I just upgraded to 056 and I got the same problem.

I happened to notice that the mode on /dev/null is:

crw-rw---- null

It did not work and I couln't log in as user.

I went back to 045 and it works now. Does anyone have an understanding of this?

Raydude

----------

## jdgill0

RayDude,

When you upgraded to 056, did you accept the changes when running etc-update, which you did run?

----------

## RayDude

 *jdgill0 wrote:*   

> RayDude,
> 
> When you upgraded to 056, did you accept the changes when running etc-update, which you did run?

 

Thanks for reminding me. I didn't see that files needed to be updated when I did my emerge world. When I went back to 045, the system told me that there were files that needed to be updated in /etc so I updated them by hand (I always do, I don't trust etc-update, once bitten twice shy I guess). That made the new files compatible with 056, even though I was running 045 and it worked.

I just updated back to 056 and its working fine.

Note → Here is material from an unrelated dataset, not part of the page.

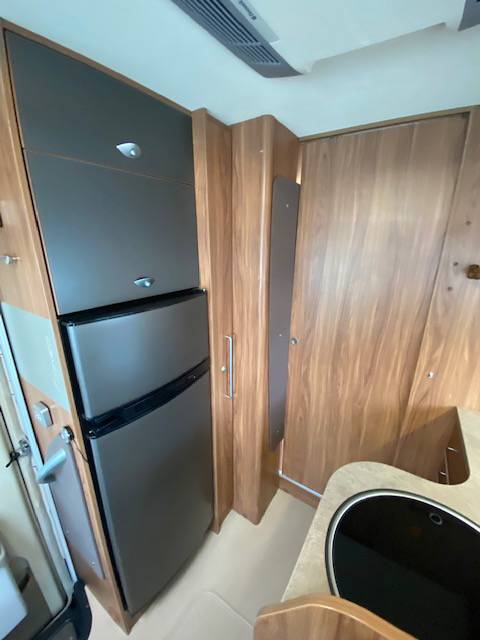 Camping-car intégral occasion poids lourd, lit central, 150 cv, Itineo CB 740 à roques proche Toulouse (31)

So to make a long story short: make sure you update the /etc files for udev 056!

Thanks again,

Raydude

----------

## jdgill0

RayDude,

This is a bit off-topic, but to avoid problems of accidentally overwriting config files you can use tools such as RCS or CVS. They would allow you to roll back in case of accidents.  I have been aiming to implement such a thing myself, but have been too lazy ... until I killed my /etc/conf.d/hdparm file a couple days ago with etc-update  :Smile:  ... now I have /etc/conf.d in my own CVS repository.  If you don't want to mess with CVS, you can always use RCS, however to setup and use your own personal CVS is not difficult either -- no need for pserver, chroot, etc...

Again sorry for being off-topic here.

----------

## RayDude

 *jdgill0 wrote:*   

> RayDude,
> 
> This is a bit off-topic, but to avoid problems of accidentally overwriting config files you can use tools such as RCS or CVS. They would allow you to roll back in case of accidents.  I have been aiming to implement such a thing myself, but have been too lazy ... until I killed my /etc/conf.d/hdparm file a couple days ago with etc-update  ... now I have /etc/conf.d in my own CVS repository.  If you don't want to mess with CVS, you can always use RCS, however to setup and use your own personal CVS is not difficult either -- no need for pserver, chroot, etc...
> 
> Again sorry for being off-topic here.

 

Good idea. Thanks. If I only had time...

Raydude

----------